「いよいよ3回戦だね」


動かないバッティングマシンを眺めながら言うと、2日後に試合を控えた選手は少し緊張した様子でハイと答えた。


「これから試合もどんどんツメツメになってくね。疲労たまっちゃわない?」

「試合だと授業出なくていいので平気です」

「あ、そんなこと言ってるからダメなんだよー」


朔也くんが少年のようにいたずらっぽく笑う。

平日の公式戦は、野球部はもちろんのこと、わたしたち応援部隊も公欠となる。
それは和穂も喜んでいたな。3年生のこの時期になるとどの科目もほとんど復習で、授業といっても名ばかりだし。


市川の肩はどうか訊ねてみると、大丈夫ですよと気遣わしげな答えが返ってきた。それから自然と春日の話になり、涼の話になり。
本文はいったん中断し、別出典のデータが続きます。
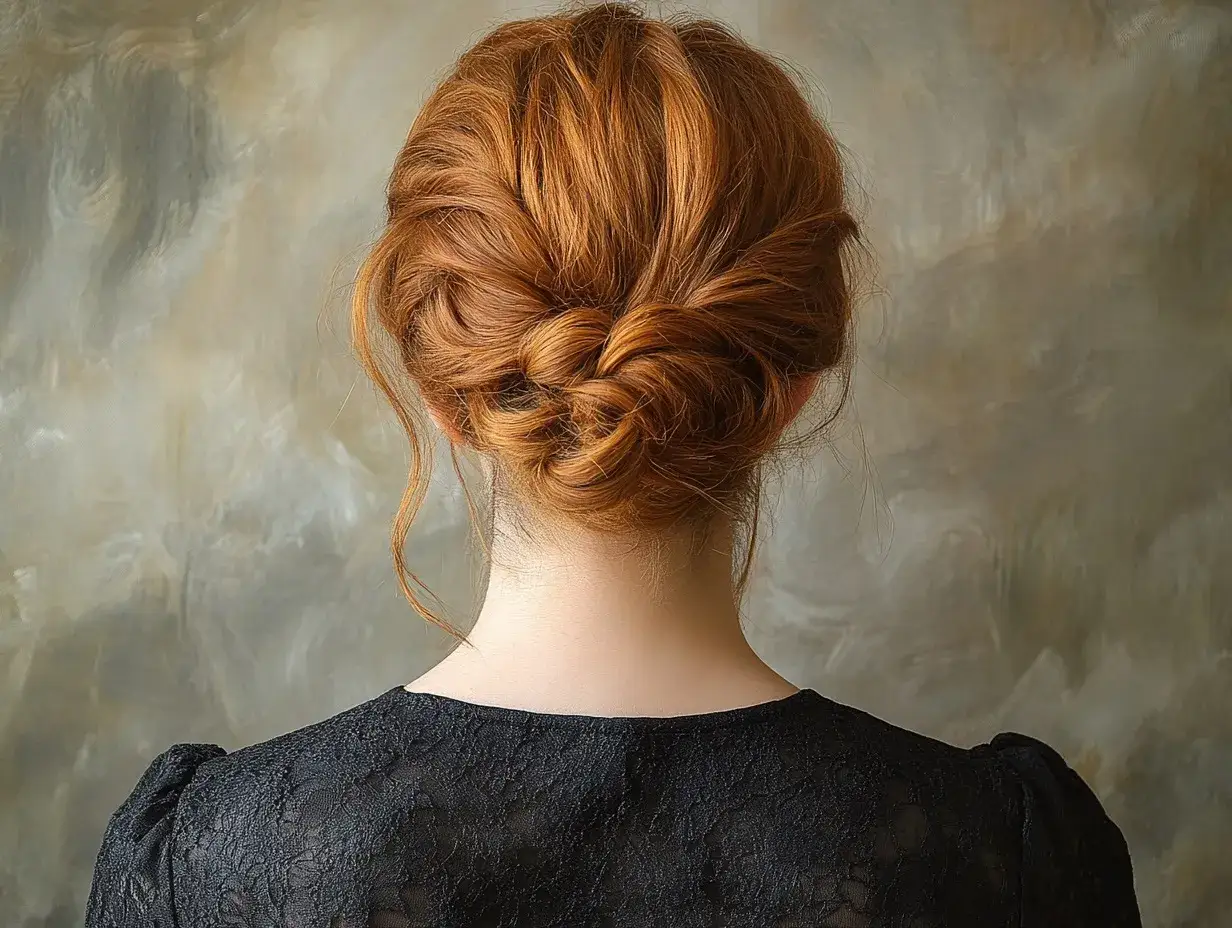 Une chevelure rousse magnifiquement coiffée en un chignon tressé, orné de quelques mèches rebelles.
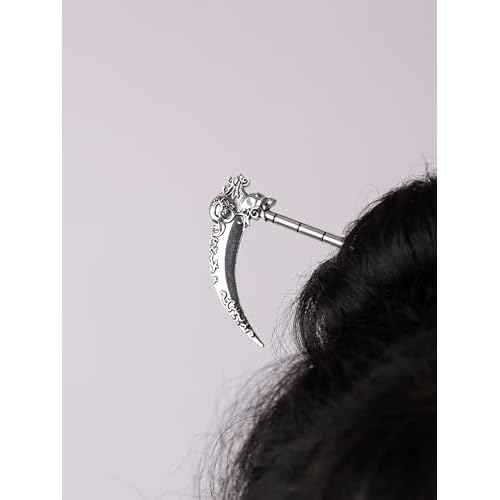 HAQUIL Reaper Scythe Hair Sticks for Bun Hair Long Hair Classic Vintage Flower Hair Sticks Women Gifts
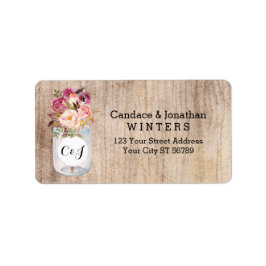 Rustic Mason Jar Watercolor Blume Wood Wedding Adressaufkleber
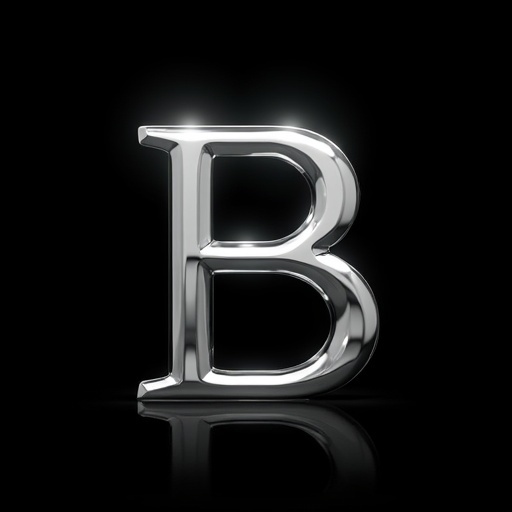 Iconic letter B in chrome plating. Black background. Spotlights create illumination.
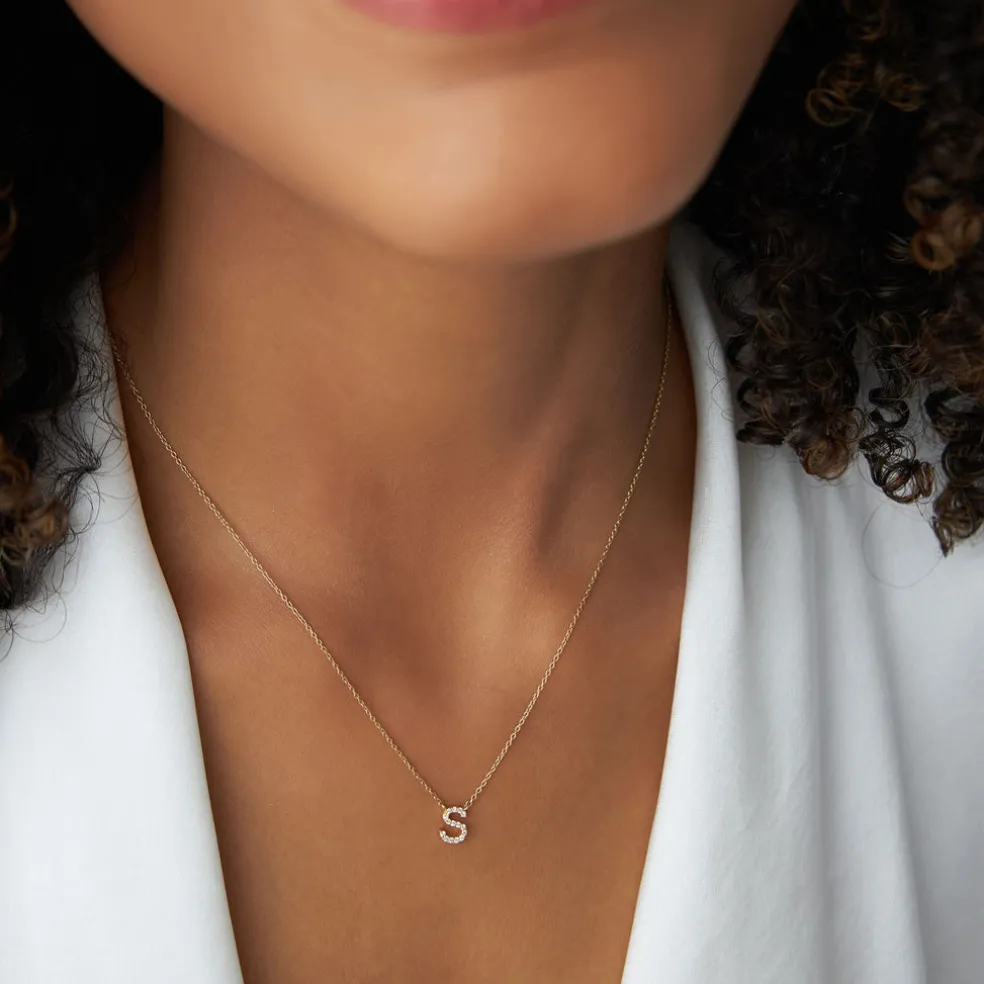 14K Gold Diamond Initial Necklace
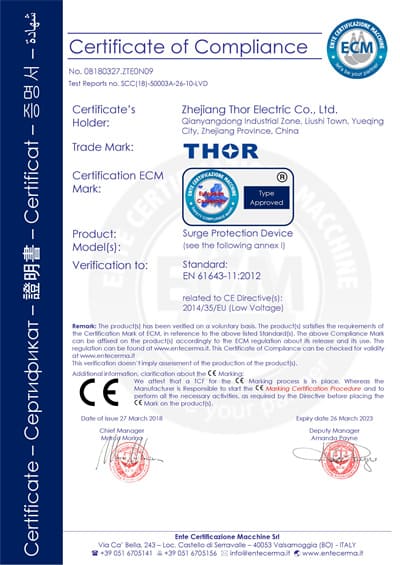 THOR Surge Protection Device CE Certificate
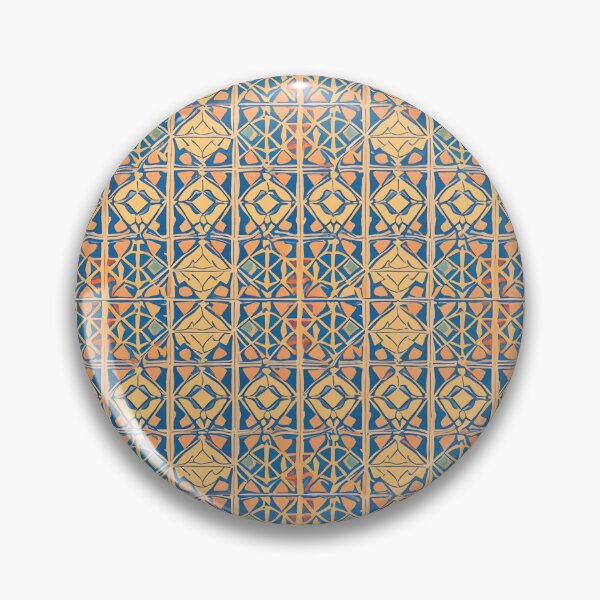 Item preview, Retro Tile Pattern Blue shades and Yellow with orange designed and sold by RetroTile.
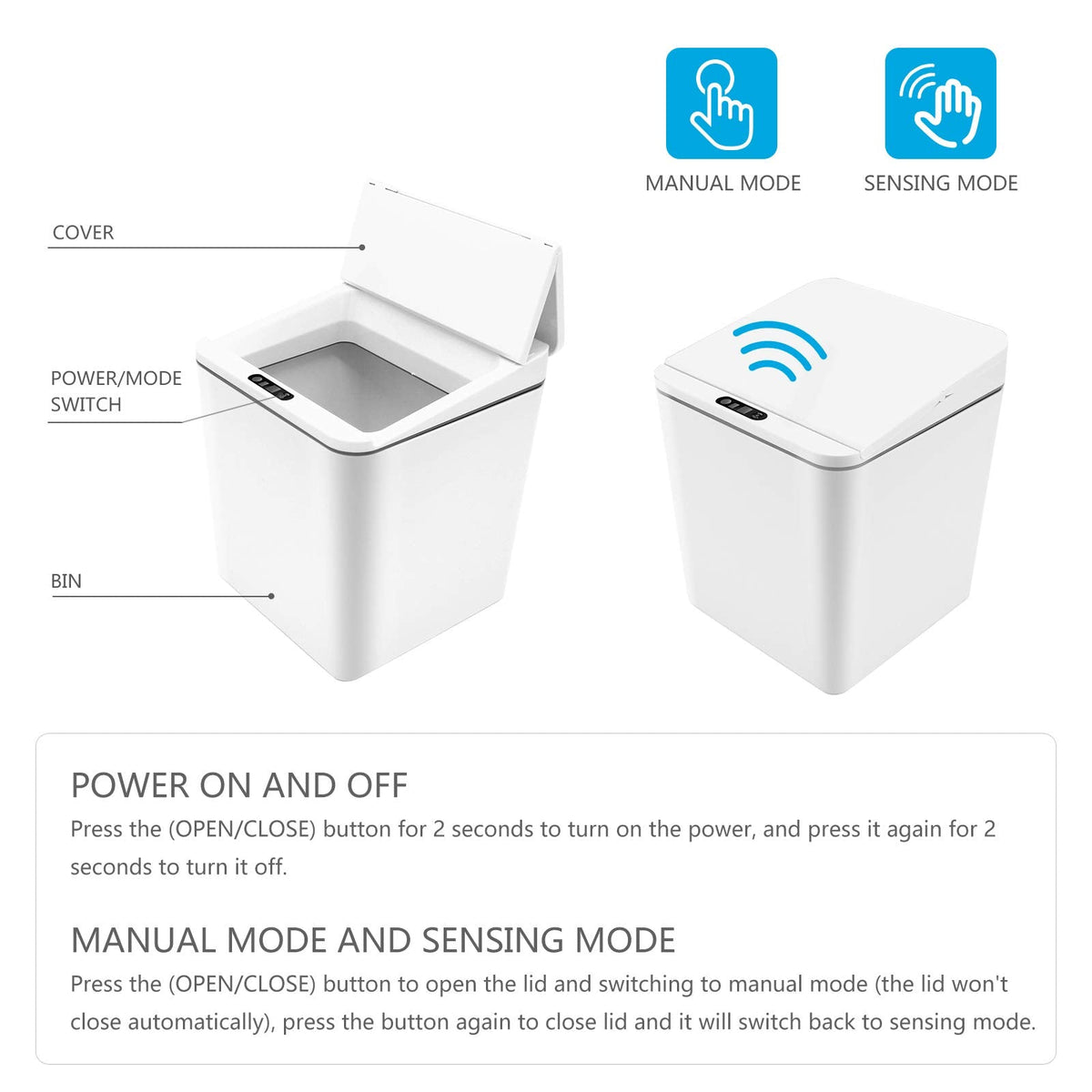 1.5 Gal Touchless Small Trash Can for Desk, Automatic Mini Garbage Can for Coffee Table/Laundry Countertop/Vanity Top, Smart Sensor Car Trash Can with Lid , Cute Waste Bin for Office/Kitchen/Bathroom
そこで、朔也くんが黙った。なにか考えこんでいるみたいな横顔を不思議に思っていると、やがて目が合った。


「……お守りは、くれないですか?」

「えっ?」

「涼さんのスポバについてるのは」


少しの間があいて、「光乃さんが」と続く。


「つくったやつですよね」


へたくそなのは重々承知なのでチガウと言いたかったけど、バレる嘘をついても仕方がないので、わたしはうなずいた。


「朔也くんのぶんも、あるよ。涼のやつ見ればわかると思うけど、へたくそだし、朔也くんなにも言ってこないからほんとにいるのかなとかゴチャゴチャ考えてたら、渡せなくって。いじわるしてたとかじゃないんだけど。はりきって渡してイラネって思われたら嫌だなとか」


なに言ってるんだろ。恥ずかしい先輩だな。


「おれ」


だらだらと早口に続いていくわたしの言葉を遮るように、朔也くんが声を出した。


「『本気だったの?』って笑われるのがこわくて、言い出せなくて。……なかったことにされてるのかなって思ってました」


それは、こっちの台詞だ。
ぽかんとしていると、朔也くんも情けなく眉を下げて、わたしを見た。

ふたりいっしょに吹きだした。おかしさと、ヘンな安心感と、恥ずかしさと。たぶん同じ気持ちで笑ってる。へろへろとした力ない笑い。


「もう、じゃあ、あした持ってくるよ」


腹筋に力が入っているような、入っていないような感じで、上手くしゃべれない。朔也くんもまったく同じふうに返事をした。

約束じゃないみたいな、だけどたしかに、わたしたちはあしたもここで会う約束を交わしたのだった。